[Bell Historians] Early handbell ringing

Edward W Martin edwardwmartin at xwWhwKnCG864OYTPWPzbgJWa3qRM8VMXzuwBNWG23xlgAkop3WO95Mb7_JXv7TexKWqfd3JdxR8ZDVgOcw.yahoo.invalid
Mon Mar 9 08:49:19 GMT 2009


--- In bellhistorians at yahoogroups.com, "Chris Pickford" <c.j.pickford.t21 at ...> wrote:
>
> Note a definitive answer, but an early reference I happened to remember - from Bill Cook's history of the College Youths:
> 
> The College Youths concluded their outing with a trip across to Calais on the Friday. They took their handbells with them, and rang" one Course of Cinques on the Hand Bells on Friday ye 2d of June 1732 at Calais in France & another when they were half Seas over". This would not, of course, have been the double-handed ringing practised on hand bells today; it was either single-handed ringing or 'lapping'. It is the earliest known mention of change ringing on handbells. 
> 
> Half seas over doesn't mean over-indulgence in alcoholic refreshment in this instance!
> 
> CP

18 months later, William Laughton wrote in his diary/note book, that after ringing at St. Peter's Broad Street "two Grandsires and one Old Doubles" (presumably 120's) members of the Rambling Ringers spent the rest of the evening on until 3.00 am., at The Bell Tavern, Angel Alley, Little Moorfields, for the most part ringing handbells.

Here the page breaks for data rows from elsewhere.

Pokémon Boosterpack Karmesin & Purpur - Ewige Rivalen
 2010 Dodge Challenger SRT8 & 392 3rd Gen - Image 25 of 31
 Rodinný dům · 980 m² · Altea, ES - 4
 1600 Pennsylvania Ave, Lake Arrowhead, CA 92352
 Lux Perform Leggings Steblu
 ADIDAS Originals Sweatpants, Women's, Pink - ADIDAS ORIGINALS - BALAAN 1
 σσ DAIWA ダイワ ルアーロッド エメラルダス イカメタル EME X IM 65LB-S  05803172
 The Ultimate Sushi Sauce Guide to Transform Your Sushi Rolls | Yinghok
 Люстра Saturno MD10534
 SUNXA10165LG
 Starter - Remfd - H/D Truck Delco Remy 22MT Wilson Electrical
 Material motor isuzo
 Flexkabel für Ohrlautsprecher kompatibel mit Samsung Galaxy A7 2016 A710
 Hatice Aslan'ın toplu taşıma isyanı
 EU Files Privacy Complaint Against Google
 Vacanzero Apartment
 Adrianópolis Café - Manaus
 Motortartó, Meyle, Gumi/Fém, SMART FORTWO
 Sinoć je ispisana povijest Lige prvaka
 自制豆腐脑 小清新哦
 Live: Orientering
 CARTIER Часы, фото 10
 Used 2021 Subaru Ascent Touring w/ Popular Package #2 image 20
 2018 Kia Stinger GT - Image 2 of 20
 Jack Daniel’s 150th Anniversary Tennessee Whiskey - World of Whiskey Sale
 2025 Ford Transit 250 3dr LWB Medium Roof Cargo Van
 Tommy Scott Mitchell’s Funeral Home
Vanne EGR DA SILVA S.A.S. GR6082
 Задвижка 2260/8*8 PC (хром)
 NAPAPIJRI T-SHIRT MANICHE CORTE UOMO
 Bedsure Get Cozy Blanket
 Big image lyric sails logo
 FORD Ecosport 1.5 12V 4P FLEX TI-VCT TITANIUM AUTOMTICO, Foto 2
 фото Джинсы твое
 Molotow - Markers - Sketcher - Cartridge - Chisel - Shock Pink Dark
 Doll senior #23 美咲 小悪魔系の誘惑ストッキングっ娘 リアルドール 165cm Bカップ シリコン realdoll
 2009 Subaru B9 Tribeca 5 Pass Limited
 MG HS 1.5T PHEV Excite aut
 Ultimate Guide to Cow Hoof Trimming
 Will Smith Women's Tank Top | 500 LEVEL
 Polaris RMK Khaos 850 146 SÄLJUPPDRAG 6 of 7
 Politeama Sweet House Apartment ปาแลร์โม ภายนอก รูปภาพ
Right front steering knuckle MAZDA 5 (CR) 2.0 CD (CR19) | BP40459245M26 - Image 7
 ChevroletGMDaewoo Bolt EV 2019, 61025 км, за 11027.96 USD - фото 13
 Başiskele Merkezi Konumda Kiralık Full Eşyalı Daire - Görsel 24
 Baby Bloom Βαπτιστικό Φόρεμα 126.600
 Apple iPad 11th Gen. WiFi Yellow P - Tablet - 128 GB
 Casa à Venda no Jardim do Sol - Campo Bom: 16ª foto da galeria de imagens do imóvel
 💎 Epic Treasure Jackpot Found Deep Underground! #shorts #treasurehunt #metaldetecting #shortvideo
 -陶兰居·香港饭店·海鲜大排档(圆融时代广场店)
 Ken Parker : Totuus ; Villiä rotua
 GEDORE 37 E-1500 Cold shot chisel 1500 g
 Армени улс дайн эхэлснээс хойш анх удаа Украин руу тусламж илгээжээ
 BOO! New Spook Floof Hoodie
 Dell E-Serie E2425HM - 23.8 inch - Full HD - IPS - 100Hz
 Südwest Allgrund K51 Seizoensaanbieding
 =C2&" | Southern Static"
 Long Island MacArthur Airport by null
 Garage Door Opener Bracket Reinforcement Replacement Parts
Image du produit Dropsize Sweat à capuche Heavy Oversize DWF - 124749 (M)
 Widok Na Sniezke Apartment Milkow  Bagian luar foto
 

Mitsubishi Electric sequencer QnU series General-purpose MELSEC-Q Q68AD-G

Laughton was a College Youth fond of wandering, & may have been one of those who had taken the trip across the Channel, but I don't think that he mentioned that. Of the late hours at the Bell Tavern, he wrote:
"Triples & College Double,
Oxford and Court gave us no trouble;
And add to these Cambridge Surprise."

Presumably there were six men ringing 6 bells, but the mention of Triples being rung suggests that either there were more than 6 men present or possibly a plain course of Grandsire was rung perhaps with one man on 1-2 and another on 7-8 with the remaining 4 being rung singly, however I don't think that this was set down in his notes in any such detail.